- Input data:

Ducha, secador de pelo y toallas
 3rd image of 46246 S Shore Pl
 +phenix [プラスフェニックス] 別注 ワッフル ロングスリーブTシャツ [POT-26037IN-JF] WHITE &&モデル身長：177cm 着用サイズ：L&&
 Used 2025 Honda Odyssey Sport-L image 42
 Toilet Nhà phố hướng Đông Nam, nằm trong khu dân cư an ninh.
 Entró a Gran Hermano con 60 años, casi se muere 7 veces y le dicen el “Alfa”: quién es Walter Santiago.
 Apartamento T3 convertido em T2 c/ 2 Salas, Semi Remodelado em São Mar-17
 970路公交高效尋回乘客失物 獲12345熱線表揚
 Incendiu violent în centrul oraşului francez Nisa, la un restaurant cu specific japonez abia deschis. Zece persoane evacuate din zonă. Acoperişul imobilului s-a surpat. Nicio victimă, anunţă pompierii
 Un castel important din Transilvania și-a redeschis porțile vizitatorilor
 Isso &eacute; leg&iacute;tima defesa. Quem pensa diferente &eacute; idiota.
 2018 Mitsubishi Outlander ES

- Problem statement: From the line containing "Un castel important" through the last line of the records, output each line exactly and nothing more.

- Answer section:
 Un castel important din Transilvania și-a redeschis porțile vizitatorilor
 Isso &eacute; leg&iacute;tima defesa. Quem pensa diferente &eacute; idiota.
 2018 Mitsubishi Outlander ES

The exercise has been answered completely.